You could hire a costly marketing agency to do the marketing for you. I know this is a common strategy many founders employ because I own and operate one such agency, and over the years, tons of tech-focused or product-focused teams have relied on us to scale their businesses once they raised capital.

Since 2016, we have provided full-stack marketing and advertising services to dozens of funded startups, as smart hypergrowth companies know that the learning curve to mastering these tools internally could be years, and so it’s very efficient to get started with a consultant who’s “seen this movie before many times” (to quote a previous client of ours). 

Option 2 

Is to plunge straight into building an internal marketing team, often spending months and thousands of dollars on recruitment without finding the right culture fit. Some companies truly believe that everything should be in-house, and that’s totally fair. I’d like to consider myself and my GrowthExpertz team an extension of the companies we work with, rather than an outsourced consultancy, but the fact remains that most companies do put off marketing until they have the human resources to focus on it. According to the U.S Census Bureau, in 2015, startups created over two million jobs in the U.S. alone. That means they still love to hire employees. 

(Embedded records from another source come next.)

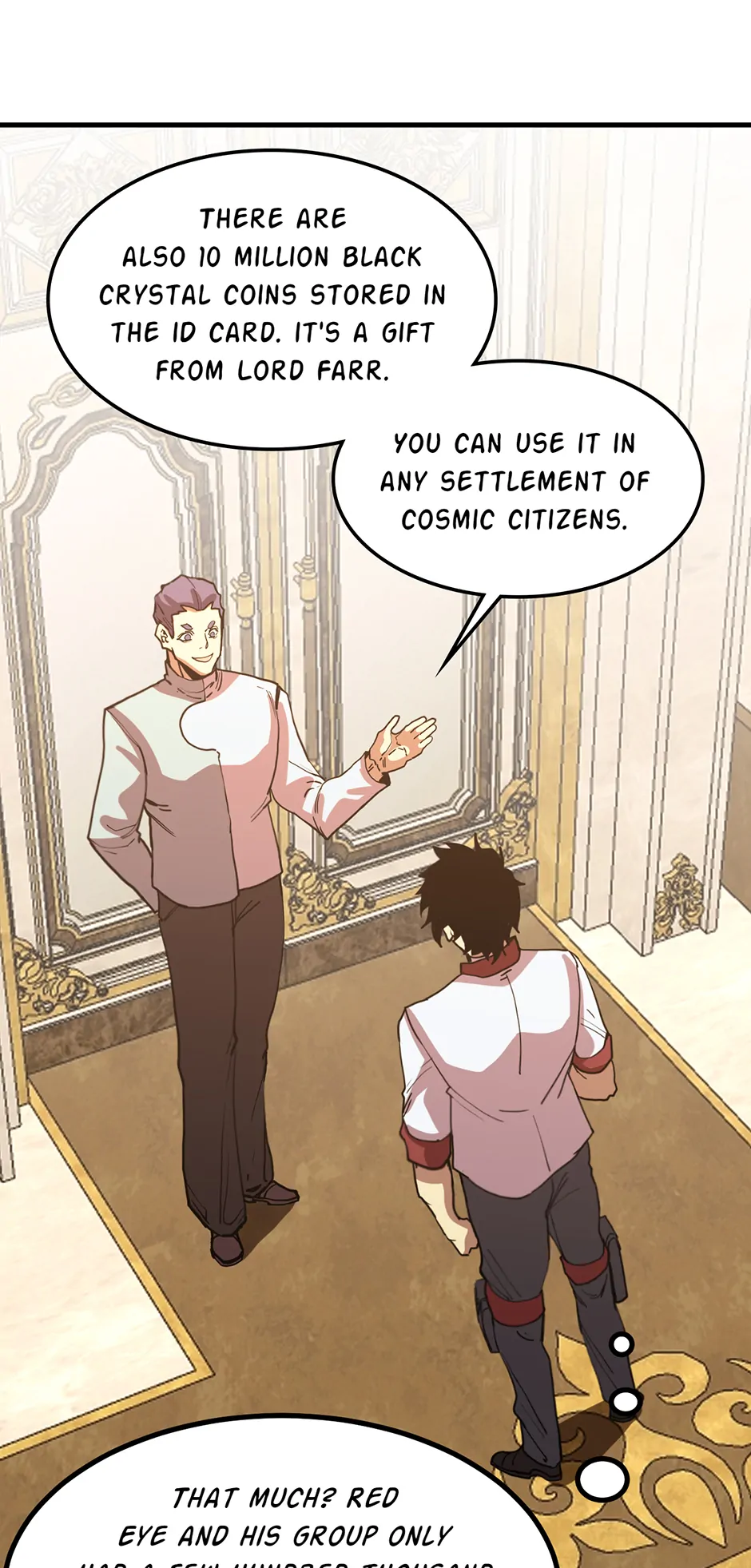 Read Logging 10000 Years into the Future Manga Online
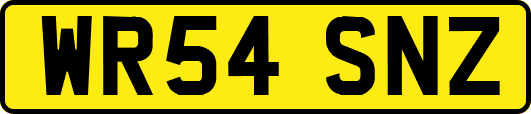 WR54SNZ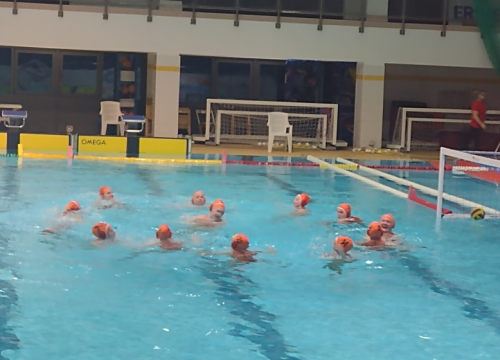 Vaterpolistice Viktorije se držale protiv Mladosti dok je bilo snage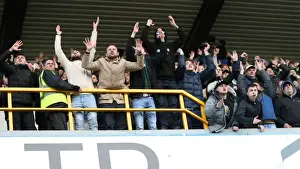 Brighton and Hove Albion vs. Millwall: Emirates FA Cup Quarterfinal Battle at The Den (17MAR19)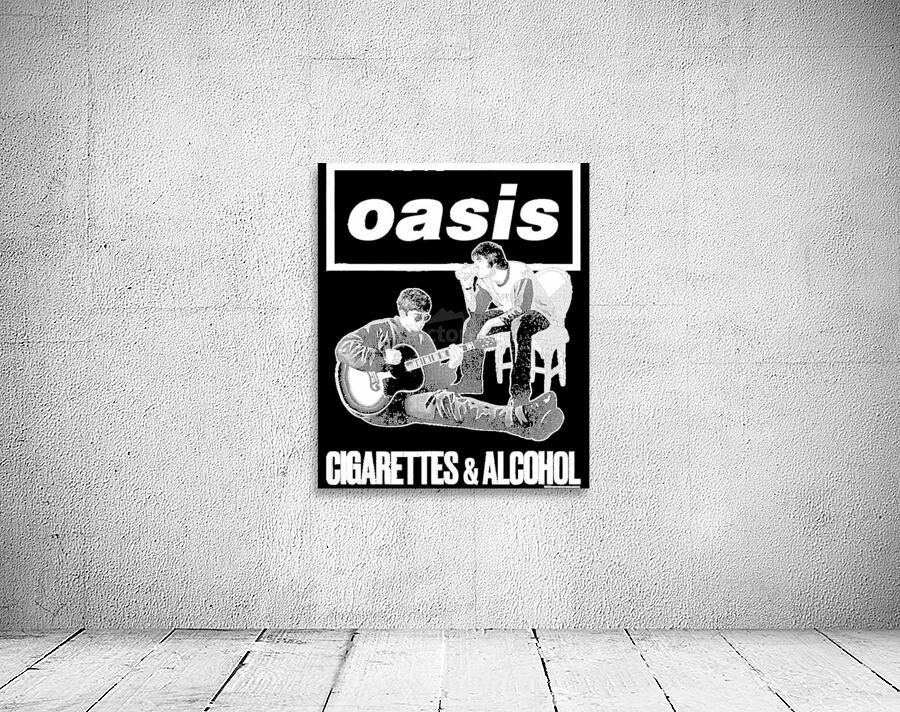 Oasis 23 Wall Preview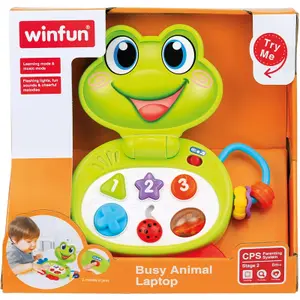 Frog computer games Winfat image-1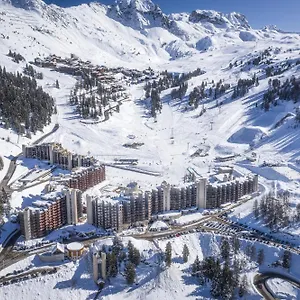 Appartement Travelski Classic - Bellecote, La Plagne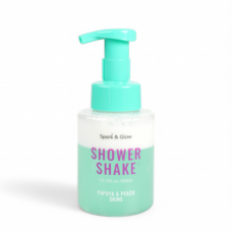 Spark&Glow Гель-шейк для душа Slower Shake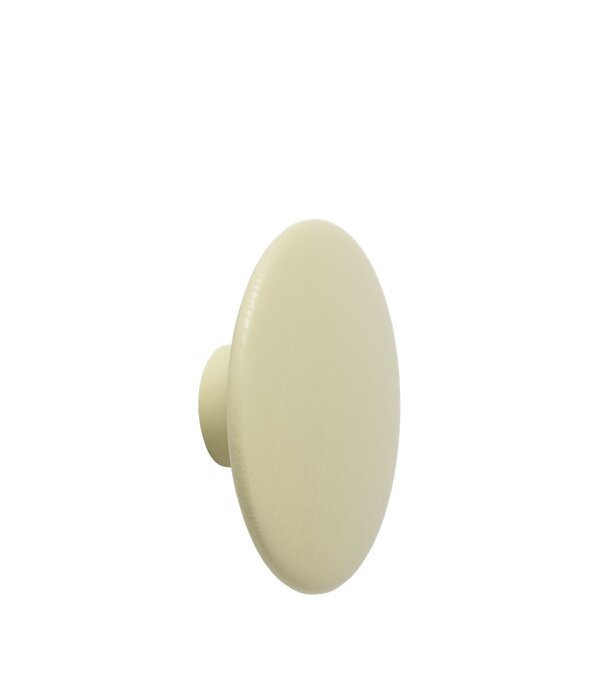 Muuto Patère The Dots Green-Beige
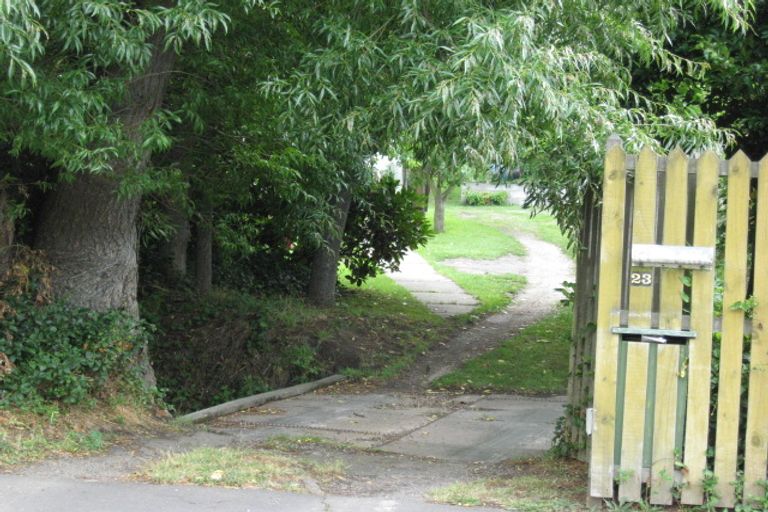 Photo of property in 23 Port Hills Road, Heathcote Valley, Christchurch, 8022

Now you might be asking: “So, what’s the third option?” 

Option 3

Do nothing. Seriously. Because both options cost so much, many early-stage companies simply overlook marketing altogether until they have funds to do one of the two options I mentioned above and that, alone, causes many companies to fail because when it’s finally time to scale, they have a massive disadvantage and just too much to do to get any of it successfully done. Think about what happens when you put off your laundry, it just keeps piling upright? Same theory here. Start sooner, so you know what needs to be focused on later.

On top of that, many product-focused teams overlook marketing because they truly believe their product is going to market itself. Several banner companies in the Valley that were indeed founded by tech-focused founders have scaled without the use of traditional marketing, like the RobinHoods, the ClubHouses, and the like, and because of those “poster boys,” many founders think they can replicate their successes without a real focus on marketing. The truth is, that’s a moon shot, and those companies got a TON of free PR in the early days, which is something we are absolutely going to dive into (in Chapter One, actually). 

So how do you succeed? You prioritise growth and marketing from the very beginning, even if you’re just at the idea phase or pre-product. I’ve been promoting this to startups since 2010, when I was the original Head of Marketing at Dubizzle, long before the phrase “growth hacking” existed. I’ve been teaching startup founders that there IS, in fact, another option. Marketing is not the same as advertising and in fact you can start “growth hacking” your marketing from day one, even if it’s just driving qualified traffic to a landing page to get potential prospects to sign up to beta test your product when it is ready. Instead of waiting, for when you’ve got more money, or when you can afford to outsource it, or even wait to run ads, you can indeed learn how to do several key marketing functions yourself, inside of your normal schedule, and if you’ve got the discipline, you can spend much less time than you thought at those beginning stages of your business, setting the “marketing foundations” for scalable growth via nearly a dozen different channels. Step one is setting up your analytics, and blocking time on your calendar to start building some “small bets” in marketing, focused on organic channels. If you start there, now, and not later, you’ll be much less likely to fail. Good luck.